Ingredients:

  • 2 cups (240g) all-purpose flour
  • 3/4 cup (150g) granulated sugar
  • 2 tsp (10g) baking powder
  • 1/2 tsp (3g) salt
  • 1/3 cup (80ml) vegetable oil
  • 1 large egg
  • 1/2 cup (120ml) whole milk
  • 1 tsp (5ml) vanilla extract
  • 1 1/2 cups (225g) fresh blueberries
  • 1/4 cup (30g) all-purpose flour
  • 1/4 cup (50g) granulated sugar
  • 2 tbsp (28g) cold unsalted butter, cubed

Instructions:

  1. Preheat the oven to 400°F (200°C) and line a 12-cup standard muffin tin with paper liners.
  2. In a small bowl, combine 1/4 cup flour, 1/4 cup sugar, and 2 tbsp cubed cold butter. Rub the butter into the dry ingredients using fingertips until the mixture resembles coarse wet sand; set aside.
  3. In a large mixing bowl, whisk together 2 cups flour, 3/4 cup sugar, baking powder, and salt.
  4. In a separate jug, whisk together the vegetable oil, egg, milk, and vanilla extract.
  5. Pour the wet ingredients into the dry ingredients.
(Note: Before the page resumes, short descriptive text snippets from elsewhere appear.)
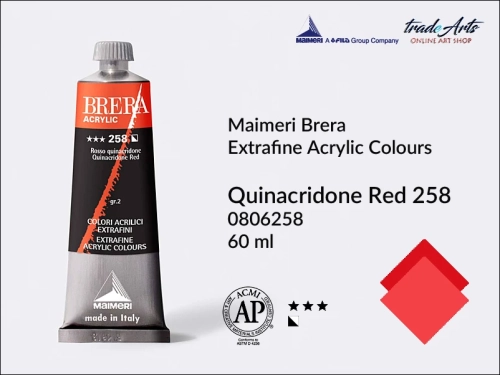 Farba akrylowa Brera Acrylic Quinacridone Red 258 tuba 60 ml, Brera Acrylic - farby akrylowe w tubach 60 ml, farby akrylowe Brera Acrylic, Brera Acrylic, akryle Brera, farby Brera Acrylic, tradearts,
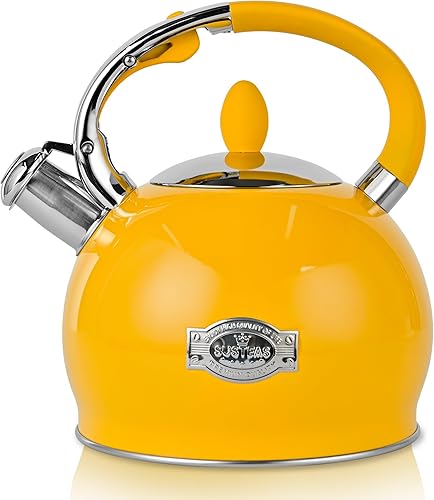 Miniatura 8 de SUSTEAS Tetera silbante para estufa, tetera de acero inoxidable de grado alimenticio con mango ergonómico de tacto fresco, con 1 guante de silicona
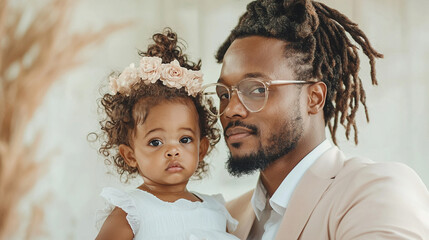 A man and a little girl are holding hands
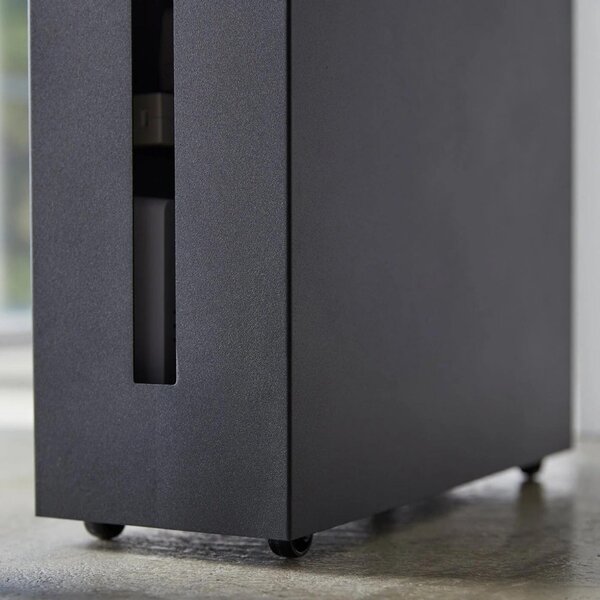 Černý kovový pojízdný box na kabely Yamazaki Tower 34,5 cm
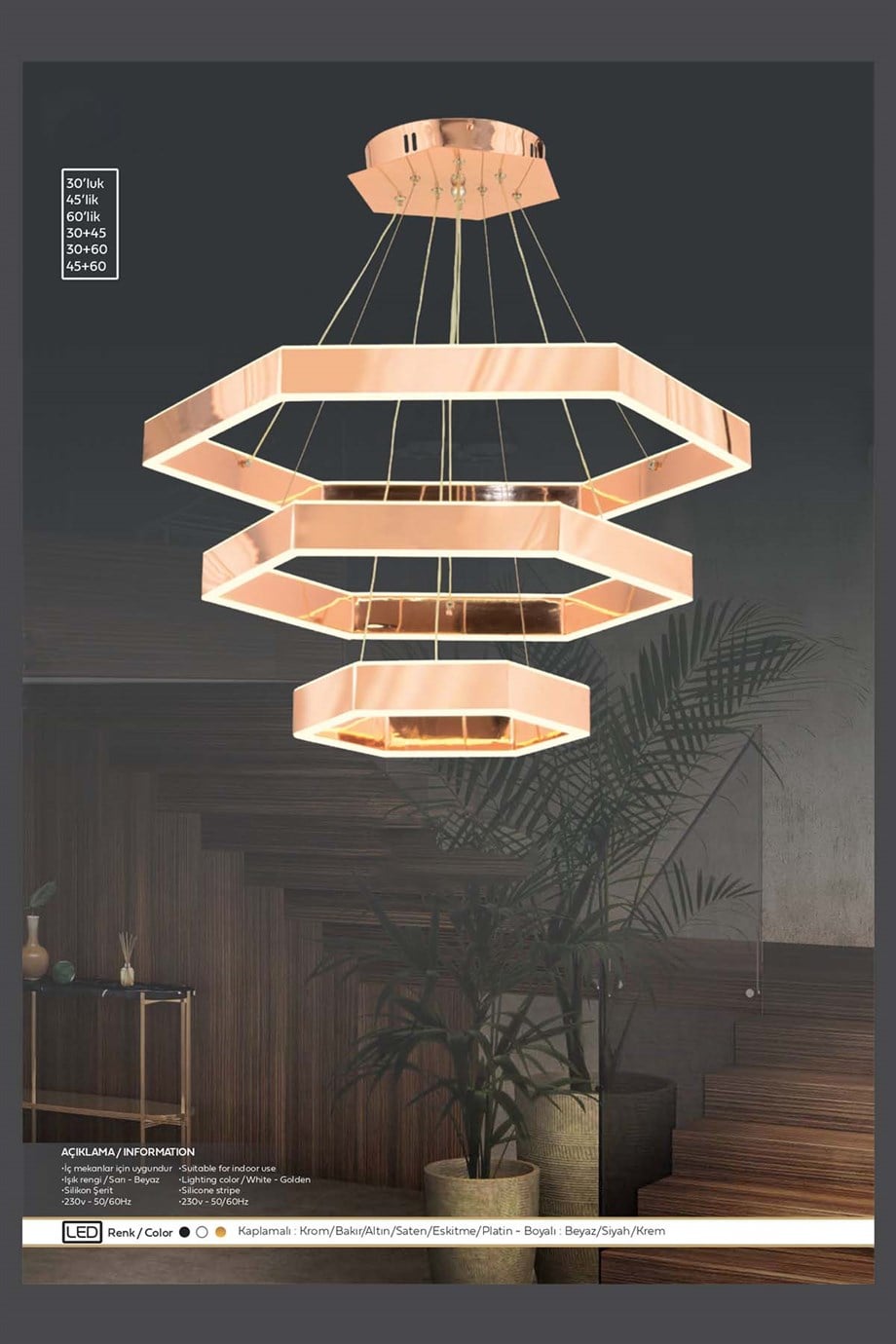 Ledli Avize  30+45+60'Lık Beyaz / Sarı Işık Led 3'Li Sarkıt Avize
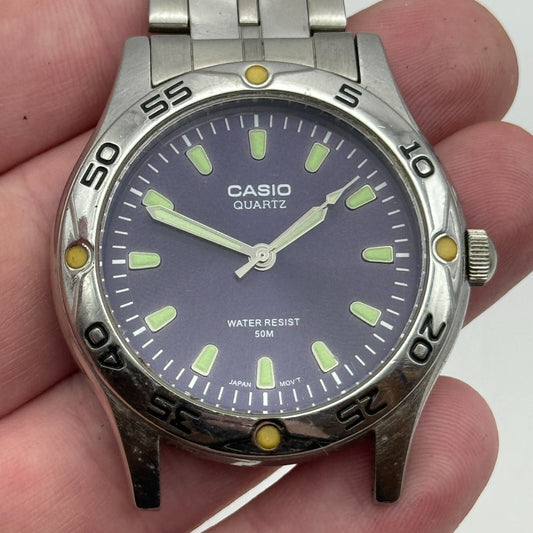 40mm Men’s Working Casio MTP-1243 Water Resist 50M Purple Dial Watch New Battery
Use a spatula to gently fold the mixture together, stopping as soon as flour streaks disappear to keep the batter lumpy.
  6. Toss the fresh blueberries in a small pinch of flour, then gently fold them into the batter.
  7. Divide the batter evenly among the 12 muffin liners and sprinkle the crumb topping generously over each muffin.
  8. Bake for 18–20 minutes until the tops are mahogany-colored and a toothpick inserted in the center comes out clean.